··· Available data
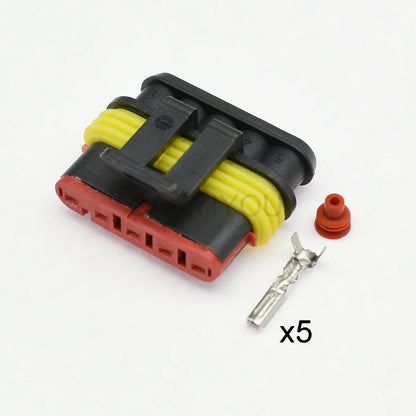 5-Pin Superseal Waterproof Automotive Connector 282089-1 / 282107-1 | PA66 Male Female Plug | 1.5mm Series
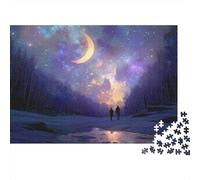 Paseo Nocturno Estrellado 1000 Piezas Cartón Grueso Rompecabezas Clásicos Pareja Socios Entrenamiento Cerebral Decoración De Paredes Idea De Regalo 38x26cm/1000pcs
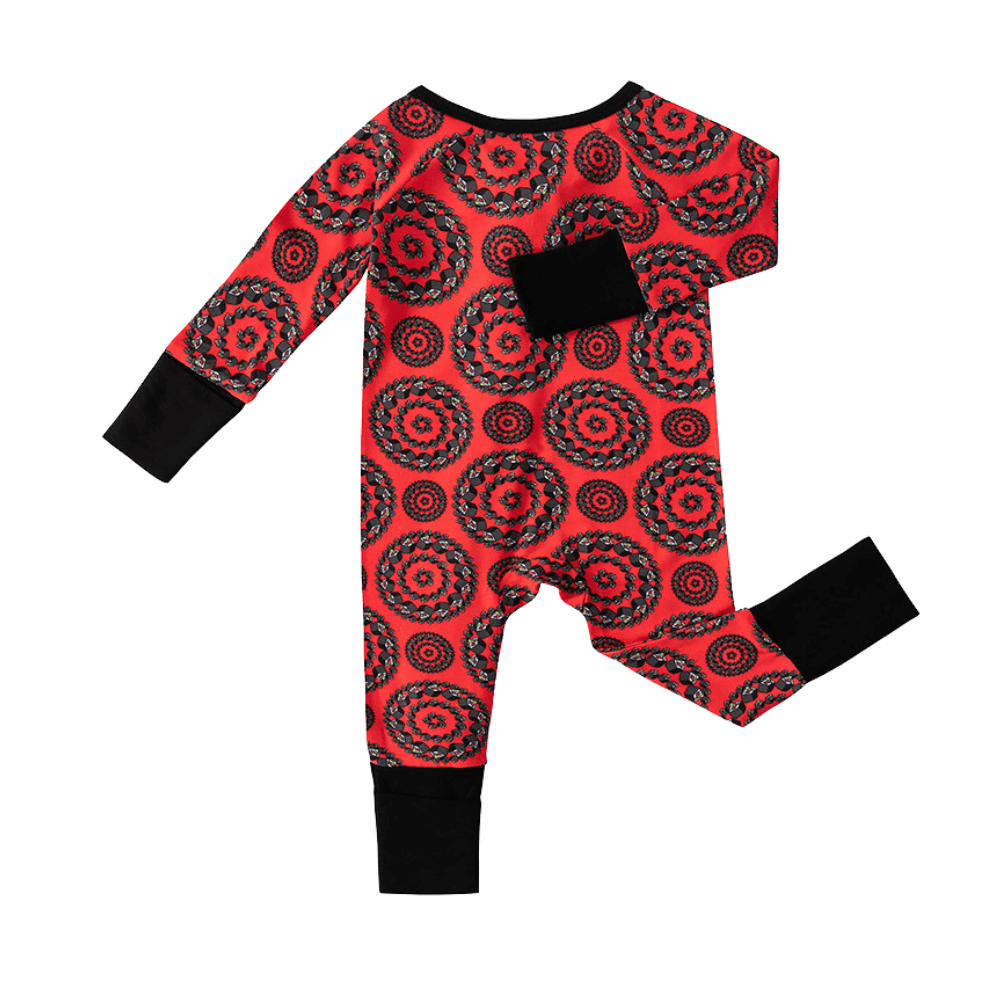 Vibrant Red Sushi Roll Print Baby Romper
······
··· Available data
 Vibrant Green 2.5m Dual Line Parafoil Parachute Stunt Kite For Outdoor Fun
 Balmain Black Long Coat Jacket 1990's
······
* What you are asked to do: Your reply is to be an exact repeat of the listing above from the line holding "Paseo Nocturno Estrellado" down to the line holding "Vibrant Red Sushi Roll Print Baby Romper", ends included, pictures excluded.

* Expected output:
 Paseo Nocturno Estrellado 1000 Piezas Cartón Grueso Rompecabezas Clásicos Pareja Socios Entrenamiento Cerebral Decoración De Paredes Idea De Regalo 38x26cm/1000pcs
 Vibrant Red Sushi Roll Print Baby Romper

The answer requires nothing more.